What is needed here is an exact repetition of the records below, beginning at the line that has "Used 2015 Toyota Camry LE image 5" and stopping after the line that has "2/14 Hatherley Place Clendon Park_4".

»»

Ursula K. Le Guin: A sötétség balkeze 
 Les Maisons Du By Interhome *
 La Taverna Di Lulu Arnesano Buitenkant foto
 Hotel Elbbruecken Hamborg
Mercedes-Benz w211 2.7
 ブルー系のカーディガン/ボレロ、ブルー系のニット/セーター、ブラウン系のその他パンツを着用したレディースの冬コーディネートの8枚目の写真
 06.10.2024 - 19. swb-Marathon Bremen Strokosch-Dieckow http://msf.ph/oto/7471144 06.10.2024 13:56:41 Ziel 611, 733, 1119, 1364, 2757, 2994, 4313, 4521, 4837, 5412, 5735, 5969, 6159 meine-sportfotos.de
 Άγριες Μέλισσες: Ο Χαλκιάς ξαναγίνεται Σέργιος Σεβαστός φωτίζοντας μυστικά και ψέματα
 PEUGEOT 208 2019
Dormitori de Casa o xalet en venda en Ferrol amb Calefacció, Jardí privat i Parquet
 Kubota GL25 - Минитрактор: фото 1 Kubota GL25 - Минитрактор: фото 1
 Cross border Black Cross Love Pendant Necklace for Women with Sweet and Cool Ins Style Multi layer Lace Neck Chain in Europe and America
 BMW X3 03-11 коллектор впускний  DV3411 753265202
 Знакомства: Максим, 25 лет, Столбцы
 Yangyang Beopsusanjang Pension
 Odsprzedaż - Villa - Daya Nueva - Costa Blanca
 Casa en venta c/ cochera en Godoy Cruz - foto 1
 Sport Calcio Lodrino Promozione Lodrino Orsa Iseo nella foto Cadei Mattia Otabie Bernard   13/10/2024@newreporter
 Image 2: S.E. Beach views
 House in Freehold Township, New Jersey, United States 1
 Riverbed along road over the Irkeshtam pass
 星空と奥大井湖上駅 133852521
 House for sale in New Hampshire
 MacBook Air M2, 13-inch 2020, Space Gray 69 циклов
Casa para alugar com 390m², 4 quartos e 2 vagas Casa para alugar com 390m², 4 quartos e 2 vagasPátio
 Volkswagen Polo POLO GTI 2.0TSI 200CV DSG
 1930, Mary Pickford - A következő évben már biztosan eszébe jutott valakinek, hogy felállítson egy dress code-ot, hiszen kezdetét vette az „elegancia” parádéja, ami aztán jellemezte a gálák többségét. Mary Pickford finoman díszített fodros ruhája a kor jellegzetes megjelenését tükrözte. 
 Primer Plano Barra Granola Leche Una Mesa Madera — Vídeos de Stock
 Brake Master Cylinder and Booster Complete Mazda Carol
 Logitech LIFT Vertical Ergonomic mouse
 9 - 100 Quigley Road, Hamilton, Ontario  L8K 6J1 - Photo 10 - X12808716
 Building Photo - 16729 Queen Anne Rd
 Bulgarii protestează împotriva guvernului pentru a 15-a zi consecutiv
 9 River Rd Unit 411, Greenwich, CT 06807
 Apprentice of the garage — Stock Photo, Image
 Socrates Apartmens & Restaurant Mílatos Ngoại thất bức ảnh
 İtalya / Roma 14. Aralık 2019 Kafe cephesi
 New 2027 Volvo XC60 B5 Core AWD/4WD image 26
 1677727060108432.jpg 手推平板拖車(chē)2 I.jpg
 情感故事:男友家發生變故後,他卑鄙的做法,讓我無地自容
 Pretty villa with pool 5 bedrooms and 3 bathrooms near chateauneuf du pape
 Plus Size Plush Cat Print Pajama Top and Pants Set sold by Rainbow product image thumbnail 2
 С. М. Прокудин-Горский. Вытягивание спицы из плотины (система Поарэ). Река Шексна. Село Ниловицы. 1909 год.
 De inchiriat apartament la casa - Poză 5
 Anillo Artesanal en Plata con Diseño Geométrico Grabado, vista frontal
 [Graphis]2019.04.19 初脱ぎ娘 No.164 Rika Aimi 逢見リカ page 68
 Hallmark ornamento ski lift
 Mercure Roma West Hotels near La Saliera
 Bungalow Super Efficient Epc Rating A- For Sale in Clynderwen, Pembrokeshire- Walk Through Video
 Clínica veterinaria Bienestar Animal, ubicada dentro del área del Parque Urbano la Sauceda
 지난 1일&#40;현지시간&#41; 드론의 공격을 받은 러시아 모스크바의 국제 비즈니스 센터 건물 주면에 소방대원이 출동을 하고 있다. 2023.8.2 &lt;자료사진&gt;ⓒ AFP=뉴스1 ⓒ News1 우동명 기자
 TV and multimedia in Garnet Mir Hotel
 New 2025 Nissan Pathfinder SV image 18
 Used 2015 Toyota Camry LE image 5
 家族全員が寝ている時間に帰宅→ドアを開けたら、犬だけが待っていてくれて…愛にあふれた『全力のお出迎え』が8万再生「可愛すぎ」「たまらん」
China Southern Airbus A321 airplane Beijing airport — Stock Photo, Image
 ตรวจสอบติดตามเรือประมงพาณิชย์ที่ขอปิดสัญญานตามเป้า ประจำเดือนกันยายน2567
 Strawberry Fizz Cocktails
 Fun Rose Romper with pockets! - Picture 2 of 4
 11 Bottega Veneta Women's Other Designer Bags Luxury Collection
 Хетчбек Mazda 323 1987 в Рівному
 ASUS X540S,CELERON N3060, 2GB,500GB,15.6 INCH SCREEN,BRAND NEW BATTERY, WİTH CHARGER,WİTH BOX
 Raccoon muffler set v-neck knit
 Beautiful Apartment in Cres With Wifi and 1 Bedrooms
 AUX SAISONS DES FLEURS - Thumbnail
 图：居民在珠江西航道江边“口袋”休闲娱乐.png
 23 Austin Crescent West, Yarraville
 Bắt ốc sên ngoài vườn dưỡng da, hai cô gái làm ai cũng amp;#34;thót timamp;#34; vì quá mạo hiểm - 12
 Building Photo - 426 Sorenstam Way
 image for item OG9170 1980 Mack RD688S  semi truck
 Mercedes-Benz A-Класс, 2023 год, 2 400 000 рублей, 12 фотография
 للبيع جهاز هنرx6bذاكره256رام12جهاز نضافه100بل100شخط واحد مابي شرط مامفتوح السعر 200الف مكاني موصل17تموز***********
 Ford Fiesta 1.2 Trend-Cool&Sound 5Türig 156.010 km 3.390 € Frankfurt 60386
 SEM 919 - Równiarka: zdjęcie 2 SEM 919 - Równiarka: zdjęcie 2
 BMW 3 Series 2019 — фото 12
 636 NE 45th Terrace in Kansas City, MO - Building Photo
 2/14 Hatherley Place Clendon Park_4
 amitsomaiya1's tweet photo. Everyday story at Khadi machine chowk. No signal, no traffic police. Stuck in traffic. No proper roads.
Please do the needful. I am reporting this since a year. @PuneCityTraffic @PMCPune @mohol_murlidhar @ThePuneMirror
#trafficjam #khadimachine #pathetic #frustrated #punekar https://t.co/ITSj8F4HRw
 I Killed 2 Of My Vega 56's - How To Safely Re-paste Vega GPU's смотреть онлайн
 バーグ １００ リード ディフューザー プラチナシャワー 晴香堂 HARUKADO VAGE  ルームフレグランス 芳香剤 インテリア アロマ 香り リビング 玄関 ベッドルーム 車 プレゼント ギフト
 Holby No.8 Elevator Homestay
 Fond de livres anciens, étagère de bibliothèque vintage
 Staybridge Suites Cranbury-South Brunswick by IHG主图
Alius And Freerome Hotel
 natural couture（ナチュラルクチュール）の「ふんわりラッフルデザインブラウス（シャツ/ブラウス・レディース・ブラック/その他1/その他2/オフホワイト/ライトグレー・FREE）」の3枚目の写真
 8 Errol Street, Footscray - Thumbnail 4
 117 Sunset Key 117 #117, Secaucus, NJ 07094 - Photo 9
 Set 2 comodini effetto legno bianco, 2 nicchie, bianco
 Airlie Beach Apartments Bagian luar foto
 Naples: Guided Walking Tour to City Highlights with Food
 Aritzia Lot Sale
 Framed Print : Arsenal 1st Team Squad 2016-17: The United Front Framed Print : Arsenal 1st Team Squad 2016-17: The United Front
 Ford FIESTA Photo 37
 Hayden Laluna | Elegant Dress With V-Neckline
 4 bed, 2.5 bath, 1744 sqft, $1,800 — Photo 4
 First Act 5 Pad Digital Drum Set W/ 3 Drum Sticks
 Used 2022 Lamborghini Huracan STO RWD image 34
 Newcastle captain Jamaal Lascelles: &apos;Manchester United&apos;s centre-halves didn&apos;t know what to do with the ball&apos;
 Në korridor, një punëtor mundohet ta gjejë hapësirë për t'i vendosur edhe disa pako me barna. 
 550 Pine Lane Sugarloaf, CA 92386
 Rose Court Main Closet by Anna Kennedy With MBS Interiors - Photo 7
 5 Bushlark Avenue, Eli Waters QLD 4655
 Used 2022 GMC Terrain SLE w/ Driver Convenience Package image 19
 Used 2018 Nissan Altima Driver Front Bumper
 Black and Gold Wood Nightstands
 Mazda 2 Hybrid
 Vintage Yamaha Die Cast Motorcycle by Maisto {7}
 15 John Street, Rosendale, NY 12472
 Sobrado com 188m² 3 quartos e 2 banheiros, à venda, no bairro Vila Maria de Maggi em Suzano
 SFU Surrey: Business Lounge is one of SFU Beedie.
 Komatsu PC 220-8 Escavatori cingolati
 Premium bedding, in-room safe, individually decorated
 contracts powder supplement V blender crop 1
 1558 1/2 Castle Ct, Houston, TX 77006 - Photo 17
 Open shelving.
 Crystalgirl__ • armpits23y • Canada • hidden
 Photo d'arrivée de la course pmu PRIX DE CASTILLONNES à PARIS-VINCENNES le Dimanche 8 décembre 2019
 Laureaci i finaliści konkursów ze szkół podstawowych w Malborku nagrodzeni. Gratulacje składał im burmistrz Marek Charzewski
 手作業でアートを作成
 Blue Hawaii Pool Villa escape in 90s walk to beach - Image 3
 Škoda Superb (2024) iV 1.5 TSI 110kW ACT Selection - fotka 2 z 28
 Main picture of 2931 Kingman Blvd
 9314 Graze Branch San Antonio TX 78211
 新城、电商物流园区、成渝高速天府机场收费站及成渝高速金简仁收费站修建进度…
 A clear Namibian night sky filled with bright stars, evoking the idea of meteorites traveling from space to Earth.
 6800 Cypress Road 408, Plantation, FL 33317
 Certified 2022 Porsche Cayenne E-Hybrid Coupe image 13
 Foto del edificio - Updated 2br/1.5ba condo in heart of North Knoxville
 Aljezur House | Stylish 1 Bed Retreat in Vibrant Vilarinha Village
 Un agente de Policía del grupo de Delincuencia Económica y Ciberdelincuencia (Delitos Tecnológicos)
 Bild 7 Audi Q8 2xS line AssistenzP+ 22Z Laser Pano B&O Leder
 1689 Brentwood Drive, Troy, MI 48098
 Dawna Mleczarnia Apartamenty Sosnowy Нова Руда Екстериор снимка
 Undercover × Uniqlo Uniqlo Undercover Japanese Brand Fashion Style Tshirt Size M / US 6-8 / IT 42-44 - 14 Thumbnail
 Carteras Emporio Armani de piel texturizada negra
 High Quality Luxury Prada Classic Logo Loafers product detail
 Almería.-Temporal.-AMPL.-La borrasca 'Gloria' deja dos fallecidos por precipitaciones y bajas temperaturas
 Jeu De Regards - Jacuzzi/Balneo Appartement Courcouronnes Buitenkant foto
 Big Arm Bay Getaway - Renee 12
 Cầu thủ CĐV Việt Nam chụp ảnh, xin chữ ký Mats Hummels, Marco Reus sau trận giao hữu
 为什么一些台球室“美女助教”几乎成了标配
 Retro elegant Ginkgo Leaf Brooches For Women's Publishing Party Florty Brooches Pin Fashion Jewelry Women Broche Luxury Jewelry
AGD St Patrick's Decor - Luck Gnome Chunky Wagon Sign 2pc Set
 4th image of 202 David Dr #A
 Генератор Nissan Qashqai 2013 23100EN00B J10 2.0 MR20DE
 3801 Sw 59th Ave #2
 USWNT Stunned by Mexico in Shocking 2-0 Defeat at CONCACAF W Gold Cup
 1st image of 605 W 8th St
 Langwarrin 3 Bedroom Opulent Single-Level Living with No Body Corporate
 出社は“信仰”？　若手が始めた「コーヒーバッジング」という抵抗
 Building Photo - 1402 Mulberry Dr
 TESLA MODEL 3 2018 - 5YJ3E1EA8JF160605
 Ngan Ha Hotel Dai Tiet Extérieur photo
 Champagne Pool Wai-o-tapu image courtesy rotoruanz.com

««

# [Solved exercise]
 Used 2015 Toyota Camry LE image 5
 家族全員が寝ている時間に帰宅→ドアを開けたら、犬だけが待っていてくれて…愛にあふれた『全力のお出迎え』が8万再生「可愛すぎ」「たまらん」
China Southern Airbus A321 airplane Beijing airport — Stock Photo, Image
 ตรวจสอบติดตามเรือประมงพาณิชย์ที่ขอปิดสัญญานตามเป้า ประจำเดือนกันยายน2567
 Strawberry Fizz Cocktails
 Fun Rose Romper with pockets! - Picture 2 of 4
 11 Bottega Veneta Women's Other Designer Bags Luxury Collection
 Хетчбек Mazda 323 1987 в Рівному
 ASUS X540S,CELERON N3060, 2GB,500GB,15.6 INCH SCREEN,BRAND NEW BATTERY, WİTH CHARGER,WİTH BOX
 Raccoon muffler set v-neck knit
 Beautiful Apartment in Cres With Wifi and 1 Bedrooms
 AUX SAISONS DES FLEURS - Thumbnail
 图：居民在珠江西航道江边“口袋”休闲娱乐.png
 23 Austin Crescent West, Yarraville
 Bắt ốc sên ngoài vườn dưỡng da, hai cô gái làm ai cũng amp;#34;thót timamp;#34; vì quá mạo hiểm - 12
 Building Photo - 426 Sorenstam Way
 image for item OG9170 1980 Mack RD688S  semi truck
 Mercedes-Benz A-Класс, 2023 год, 2 400 000 рублей, 12 фотография
 للبيع جهاز هنرx6bذاكره256رام12جهاز نضافه100بل100شخط واحد مابي شرط مامفتوح السعر 200الف مكاني موصل17تموز***********
 Ford Fiesta 1.2 Trend-Cool&Sound 5Türig 156.010 km 3.390 € Frankfurt 60386
 SEM 919 - Równiarka: zdjęcie 2 SEM 919 - Równiarka: zdjęcie 2
 BMW 3 Series 2019 — фото 12
 636 NE 45th Terrace in Kansas City, MO - Building Photo
 2/14 Hatherley Place Clendon Park_4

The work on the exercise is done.